Goodall was speaking about his new book Left for Dead?, which charts the demise of New Labour and the rise of Jeremy Corbyn, at the Book Festival yesterday.
Looking to America, Goodall gave as an example former president Lyndon Johnson. “This was a man who never had a life outside of politics, but the fact that he basically passed the greatest legislation since Roosevelt was because he had spent all his life in the Senate, and knew how to get the votes through. It could be argued that we need a few more people like that now in Parliament, people who can really do politics.”
Goodall shared the stage with Isabel Hardman, assistant editor of The Spectator, who argues – in her new book Why We Get the Wrong Politicians – that our current political system dissuades large parts of society from getting involved.
“It would be impossible for someone who runs a corner shop, a pillar of their local community, to stand for Parliament because it costs around £40,000 of your own money. Now that [figure] includes loss of earnings but I think, if you run a corner shop, that’s quite a big factor. We’re excluding a lot of people from the parliamentary process because they can’t afford to buy their job interview into it.”
The current party political system also leads to problems, as can be seen with Brexit.
“It is really difficult; Jeremy Corbyn himself would support Brexit had he been an obscure back-bencher rather than the leader of the Labour Party,” said Hardman. “But for Labour it’s not just about the pro-Remain constituencies in London, it’s also [about] the pro-Leave constituencies in, particularly, the North of England. Some Labour MPs were freaked out by the strength of the Leave vote in their seats.

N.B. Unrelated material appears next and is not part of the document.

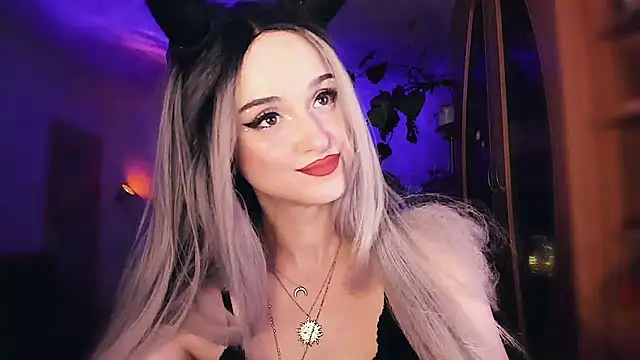 MistressJolie online show from 8, 3, 2025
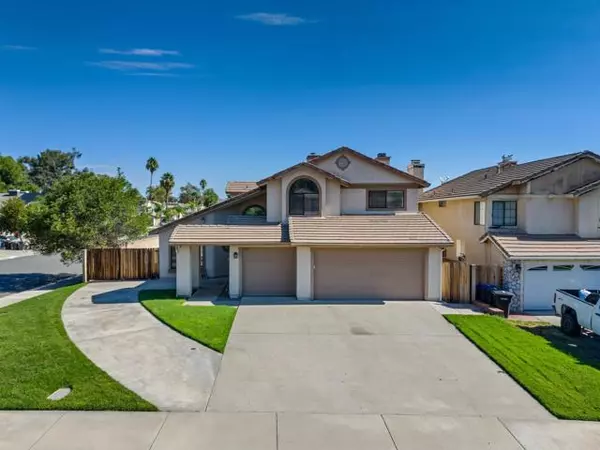 15056 Heather LN, Lake Elsinore, CA 92530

“The party has to work out how to talk to both very disparate groups, though it’s not doing that particularly well,” she added. “It’s doing that sort of sitting on the fence thing where no one really understands what they’re saying and so don’t really listen to the party.” When the Whips are trying to persuade MPs to vote for something that doesn’t make any sense, they say: ‘We’ve got to keep the Party together.’ For Labour it’s all about trying to protect the Party, rather than the principles of Brexit. It’s not easy when you have both constituencies of supporters in your party; it’s not easy when you have a leader who has a different view to his own supporters.”